You got that EXACTLY right. Logic has nothing to do with it. Your stories, as always, are the best. Well, perhaps up there with katdad's! :lol:


----------



## katdad (Jan 1, 2009)

You're right, Hoff, regarding the stories needing to "make sense" because it's unnecessary.

That being said, there's a sort of "internal consistency" required of any story, whether fantasy or science fiction or just plain ol' fiction. Things have to make sense within the universe of the story or the author's "world" created in that work.

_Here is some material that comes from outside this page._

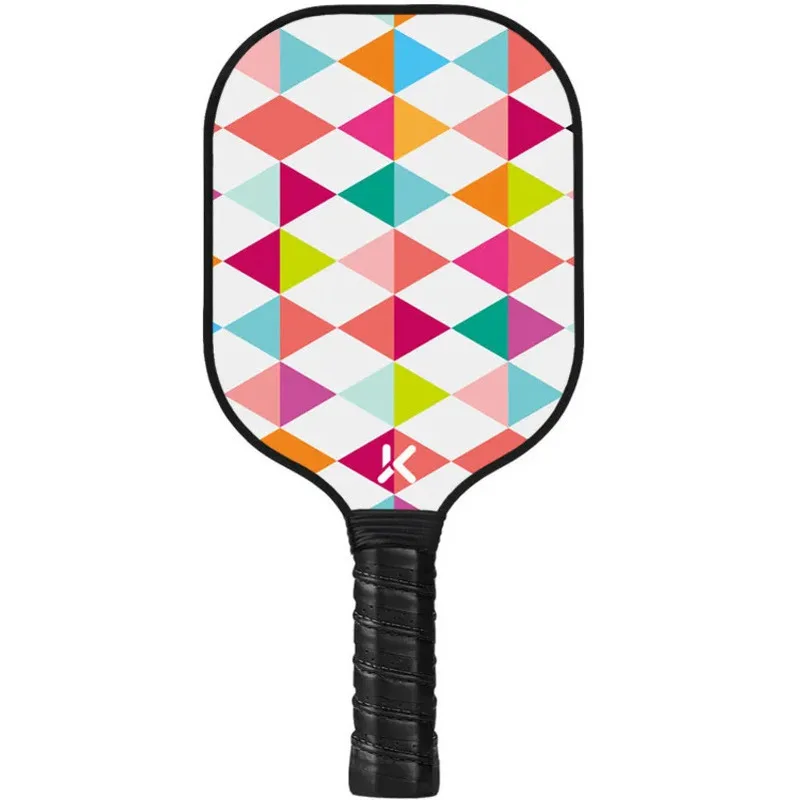 One Pickleball Paddle Brand Good Quality Pickleballs Carbon Fiber with Thickened Board Racket for Outdoor Sports Paddles Funny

I work with this all the time, being a writer myself. I'm the author of 2 (3rd in progress) modern-day realistic private detective novels, and I am constantly asking myself "could this really happen?" because my stories are intentionally not "Mike Hammer thuggish" but instead as realistic as possible. Still, of course, the adventures my private eye has are not typical for a real-world PI -- if they were, it would consist mostly of hours of internet research and a couple hours taking long distance videos of some guy on disability playing golf or some woman cheating on her hubby. Boring.

But within my novels, I still maintain factual accuracy as much as possible, after first allowing for the rather fanciful cases that my PI works on. For example, he is constantly using the internet and his smart phone and all the normal modern tools. He drives a real car (a Toyota 4Runner), lives in a small home with his office in the front, pays his electric bill, and so on. Weapons are precisely and accurately described (myself being a pistol enthusiast) and there are in fact no huge fights, gun battles, car chases, or anything similar. Crimes are also described in somewhat lurid detail but accurately per police reports I've access to (I've got pals).

Anyway, I wandered there... any opera story line has to make internal sense or it becomes laughable. Especially the verisimo [sp?] operas. So yes, you can have magic flutes and witches and talking statues, but there still has to be an internal consistency.


----------



## katdad (Jan 1, 2009)

I'll say this in defense of Hoffmann, however.

In addition to performing in the opera, I've seen 2 different productions, plus that very good Met PBS broadcast of about 5 years ago. And I have to say that I really enjoyed the opera. All the productions were "traditional" and they were nicely staged. Singing was fine, too. All were entertaining.


----------